### DATA FOR ANALYSIS ###

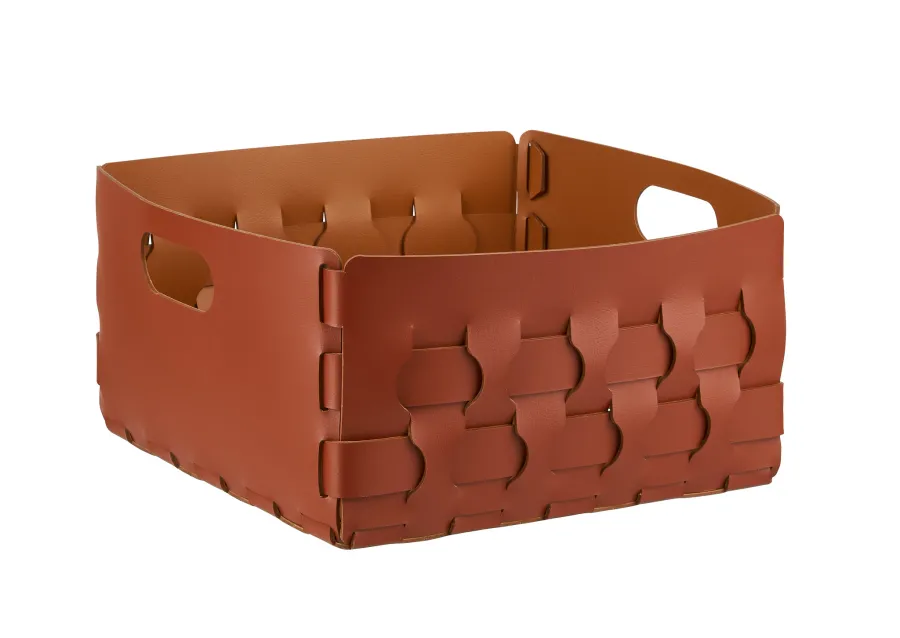 obrazek 1 Nowoczesny bordowy kosz Dubai 35x35xH20 cm z plecionymi ściankami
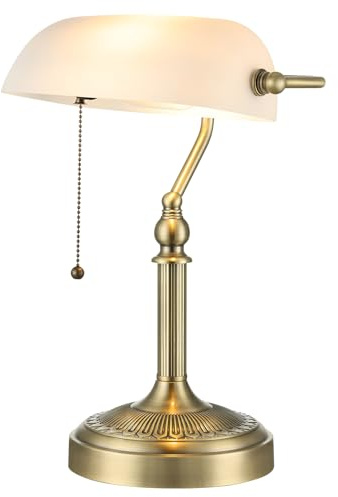 Newrays Traditionelle Glasbanker Schreibtischlampe | Pull-Kettenschalter, Stecker in Einrichtung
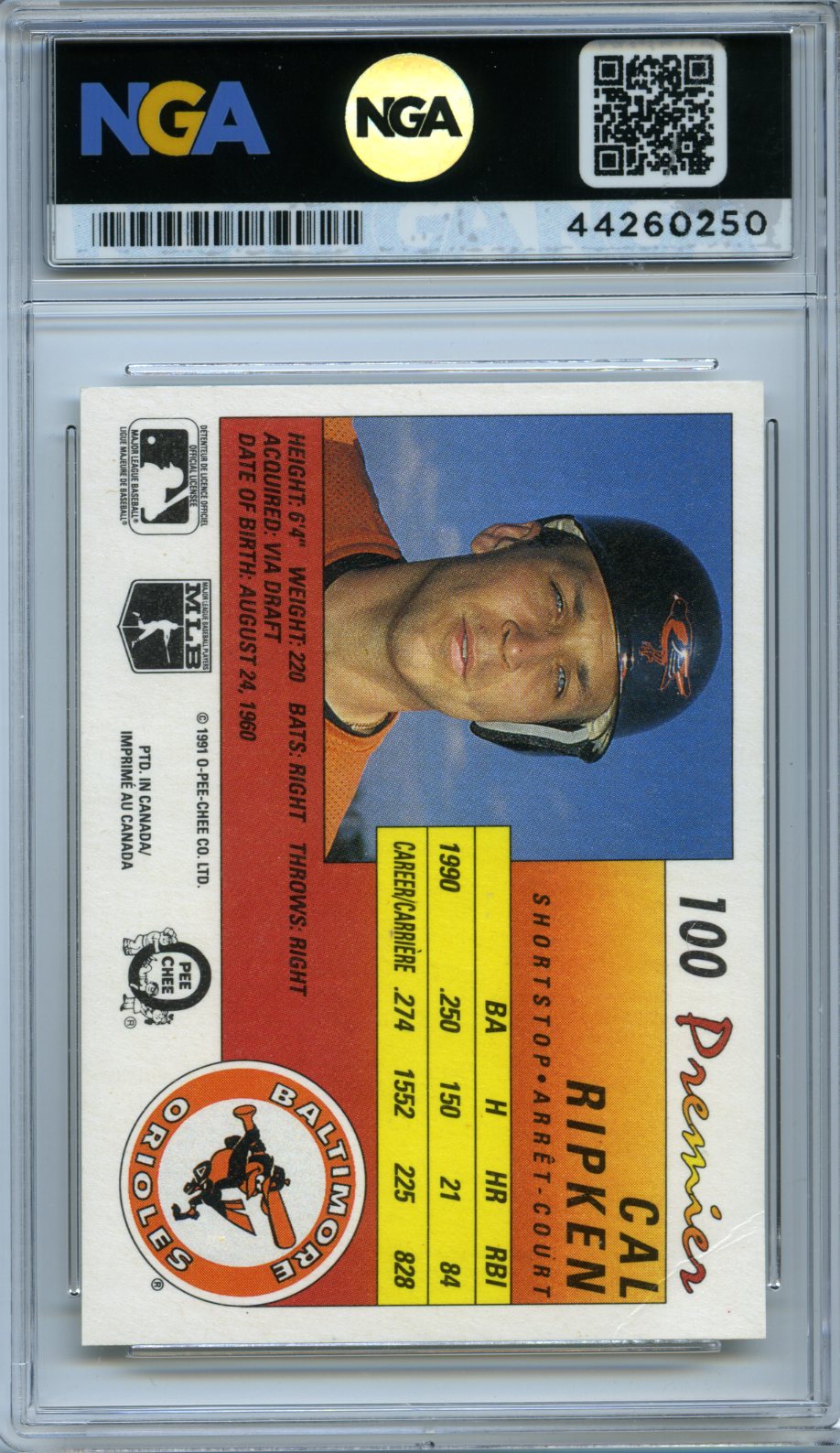 1991 O-Pee-Chee Premier #100 Cal Ripken NGA 10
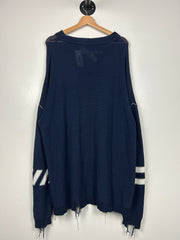 Off White Distressed Logo Intarsia Navy Knit Sweater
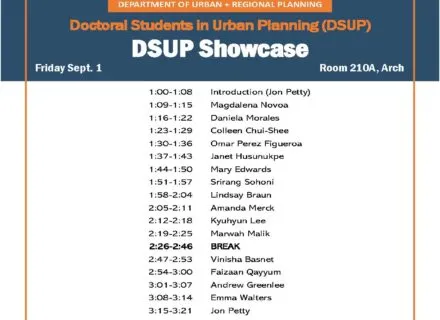 Blue, white and orange flier with showcase information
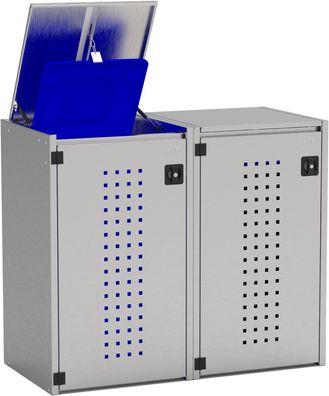 Mülltonnenhaus Boxxi Typ-XD, 2x 240l, Türfarbe Edelstahl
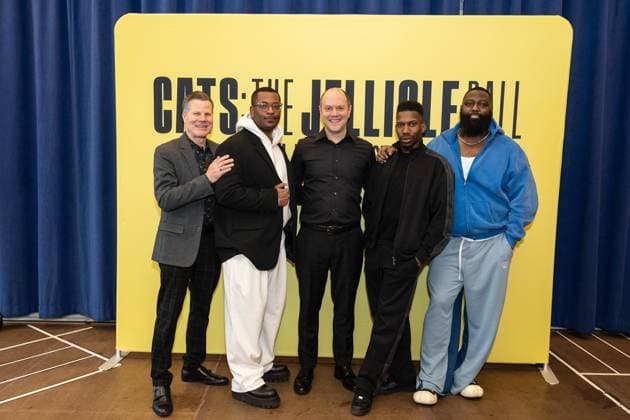 February 18, 2026, Bronx, New York, USA: Bill Rauch, Zhailon Levingston, William Waldrop, Omari Wiles, Arturo Lyons attend press preview for upcoming Broadway musical Cats: The Jellicle Ball at New 42nd Street Studios in New York, NY on February 18, 2026. Bronx USA - ZUMAr339 20260218_znp_r339_123 Copyright: xLevxRadinx
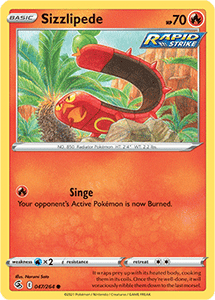 SWORD AND SHIELD, Fusion Strike - 047/264 : Sizzlipede (Reverse Holo) (7725151420663)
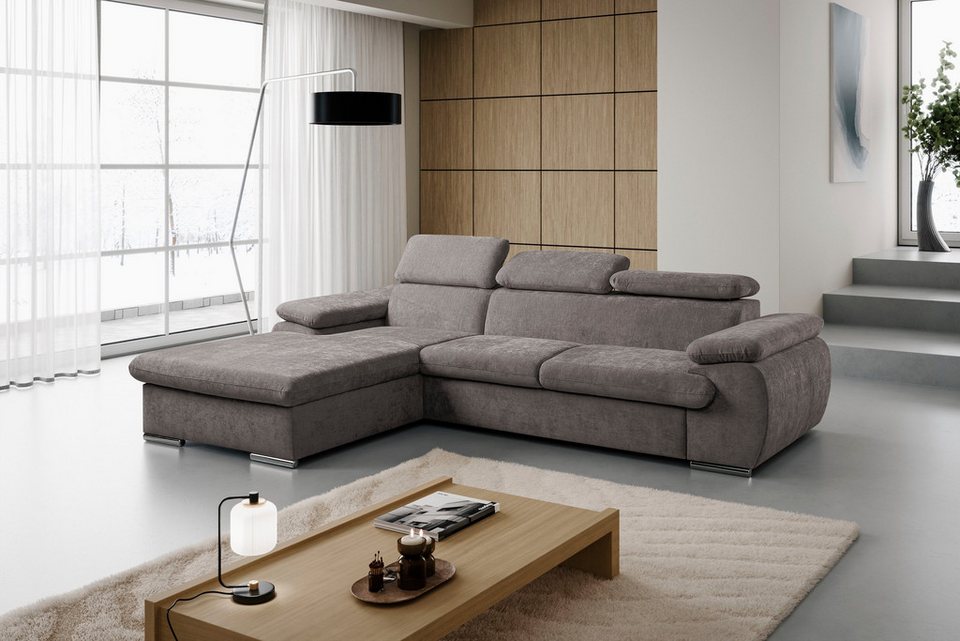Cord Ecksofa Cosmo in Taupe mit Ottomane links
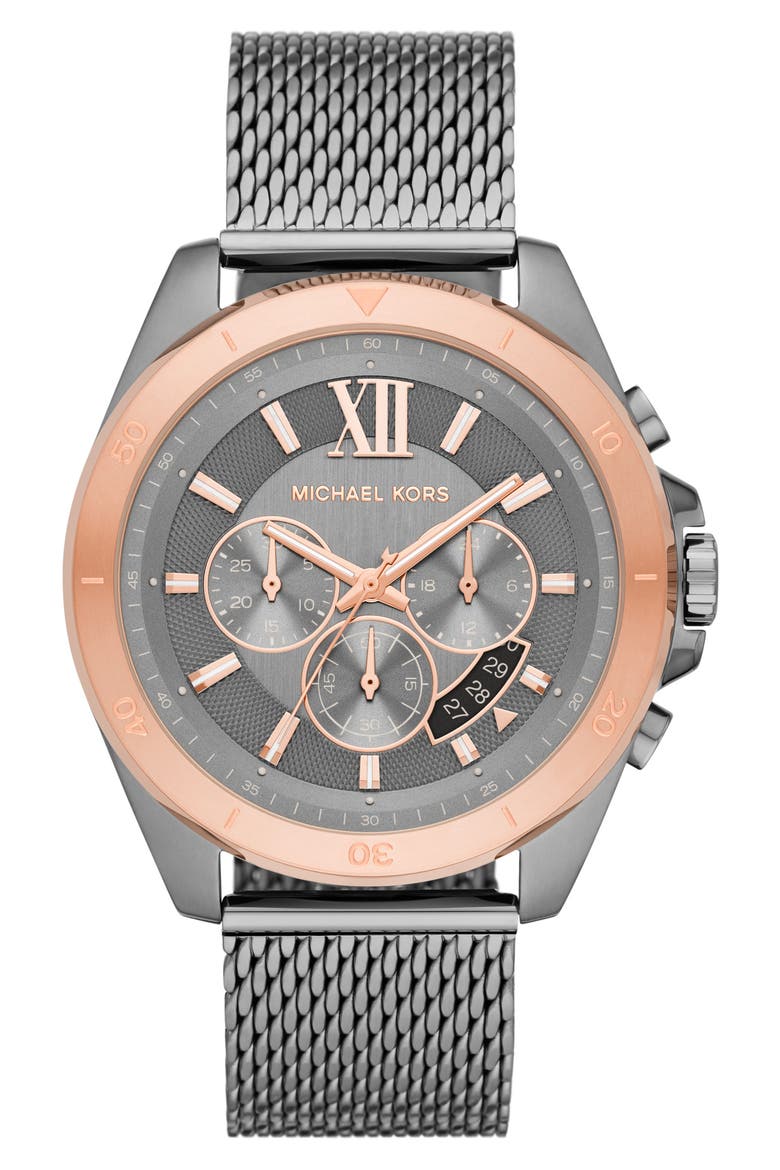 MICHAEL Michael Kors Brecken Chronograph Mesh Strap Watch, 45mm, Main, color, GUNMETAL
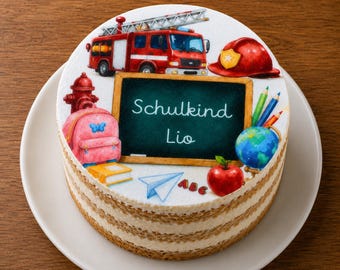 Personalized fondant cake topper for the first day of school, with fire brigade motifs, diameter freely selectable up to 20 cm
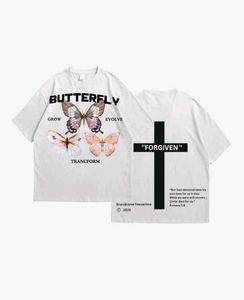 TEESANIME Butterfly Design Oversized T Shirt for M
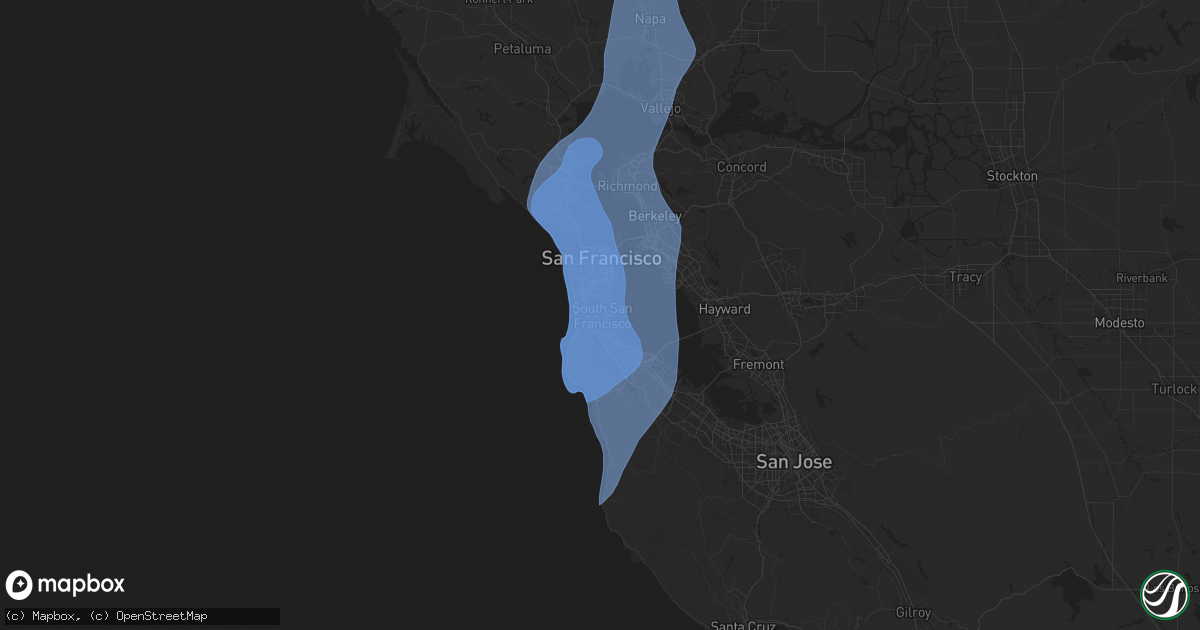Hail map in South San Francisco, CA on December 14, 2024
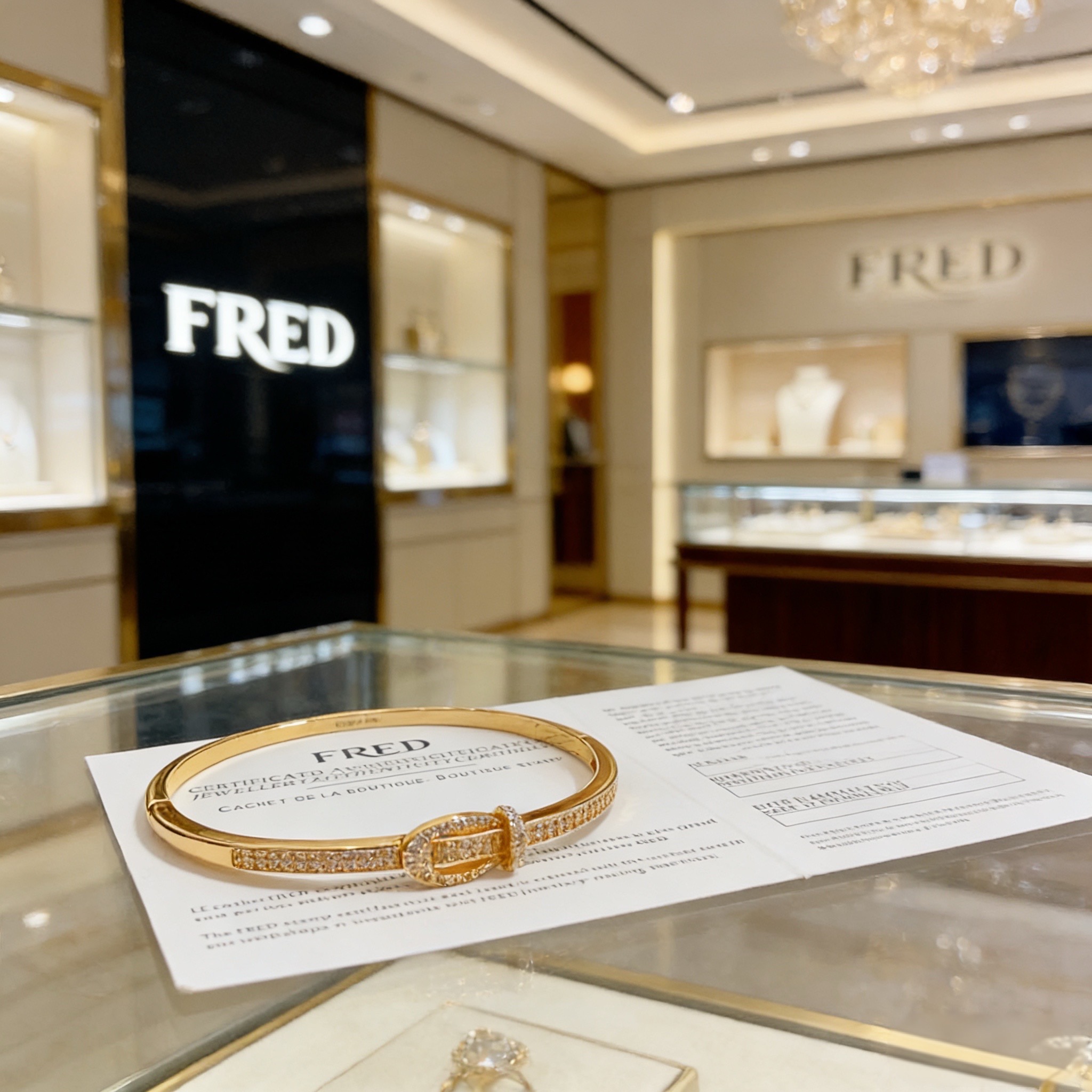 Fred 火爆 𝗙𝗥𝗘𝗗 费雷德满钻马蹄扣手镯 百搭 达人 一族备必‬单品 1：1对版定制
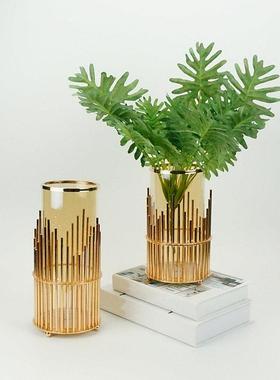 轻奢金属线条玻璃花瓶现代简约家居饰品欧式客厅书房仿真花花瓶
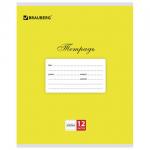 Тетрадь 12л. BRAUBERG КЛАССИКА, клетка, обложка картон, ЖЕЛТАЯ, 104720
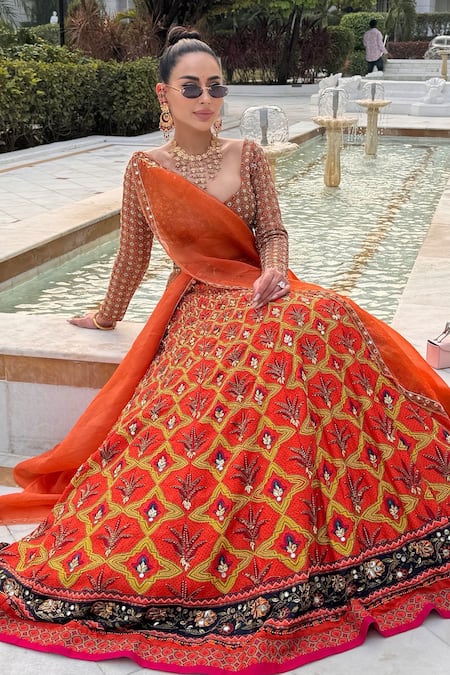 Neha Khullar Orange Viscose Raw Silk Embellished Floral Geometric Mughal Printed Lehenga Set 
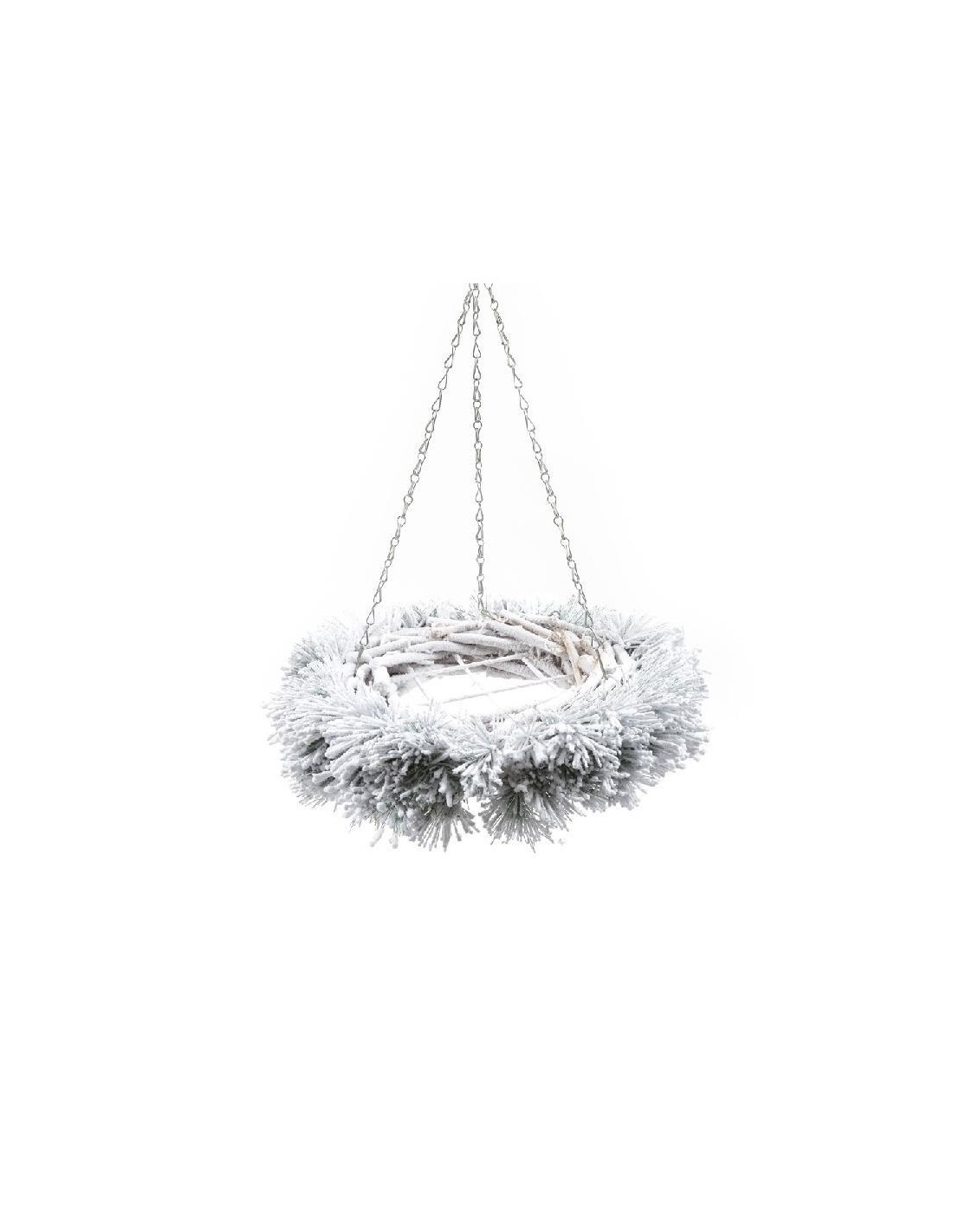 BOE E GHIRLANDE: vendita online GHIRLANDA SNOW DA APPENDERE GRIGLIA METALLO 42X10CM in offerta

###

- [TASK TO CARRY OUT]: From the records above, return exactly the lines running from the one that contains "MICHAEL Michael Kors" down to the one that contains "TEESANIME Butterfly Design", both included, without any pictures.

- [TASK RESULT]:
 MICHAEL Michael Kors Brecken Chronograph Mesh Strap Watch, 45mm, Main, color, GUNMETAL
 Personalized fondant cake topper for the first day of school, with fire brigade motifs, diameter freely selectable up to 20 cm
 TEESANIME Butterfly Design Oversized T Shirt for M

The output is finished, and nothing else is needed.